The coast guard said on Wednesday that its search and rescue center was notified Monday night about a boat in trouble with 29 people on board 155 kilometers southwest of the town of Pilos, in Greece’s southern Peloponnese region.

The passengers – 10 men, one woman and 18 minors from Afghanistan, Iran and Bangladesh — were picked up by a Norwegian-flagged research vessel, and were eventually transported to Kalamata, the coast guard said.

Two of those on board, both men from Iran, were arrested on suspicion of having acted as smugglers.

Greek authorities will arrest anyone found piloting a boat carrying migrants and charge them as smugglers. The boat had set sail from the Turkish coast, somewhere near the city of Izmir, and was likely heading to Italy, the coast guard said.

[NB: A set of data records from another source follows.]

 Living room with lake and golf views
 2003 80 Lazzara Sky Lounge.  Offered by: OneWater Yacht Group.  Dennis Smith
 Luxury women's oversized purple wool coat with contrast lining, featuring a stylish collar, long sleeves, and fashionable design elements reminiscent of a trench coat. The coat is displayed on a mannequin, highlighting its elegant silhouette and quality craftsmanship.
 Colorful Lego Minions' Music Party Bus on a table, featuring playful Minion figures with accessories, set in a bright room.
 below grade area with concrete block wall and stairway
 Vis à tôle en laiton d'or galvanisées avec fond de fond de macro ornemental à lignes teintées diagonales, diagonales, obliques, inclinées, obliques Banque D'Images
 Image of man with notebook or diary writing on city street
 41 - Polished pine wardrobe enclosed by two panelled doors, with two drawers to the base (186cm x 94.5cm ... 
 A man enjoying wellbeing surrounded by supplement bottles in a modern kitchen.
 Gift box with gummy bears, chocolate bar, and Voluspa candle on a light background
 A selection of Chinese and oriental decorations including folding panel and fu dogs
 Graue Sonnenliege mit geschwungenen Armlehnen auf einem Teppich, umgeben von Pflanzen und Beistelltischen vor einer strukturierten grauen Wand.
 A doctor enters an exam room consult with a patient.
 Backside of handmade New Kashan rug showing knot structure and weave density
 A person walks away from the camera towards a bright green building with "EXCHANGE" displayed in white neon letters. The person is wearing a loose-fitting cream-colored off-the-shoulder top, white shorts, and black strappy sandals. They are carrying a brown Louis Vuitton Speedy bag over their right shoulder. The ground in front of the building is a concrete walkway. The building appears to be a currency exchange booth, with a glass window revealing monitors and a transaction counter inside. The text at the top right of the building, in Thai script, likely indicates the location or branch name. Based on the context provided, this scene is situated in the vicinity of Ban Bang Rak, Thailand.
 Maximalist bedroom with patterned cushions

The more common sea route for asylum-seekers from the Middle East and Africa has been from Turkey to the nearby Greek islands. But Greek authorities have faced repeated and persistent accusations of summarily deporting new arrivals back to Turkey without allowing them to apply for asylum, and many are now trying to skirt the Greek islands, taking the much longer route straight to Italy. Greek authorities deny they carry out illegal summary deportations of asylum-seekers.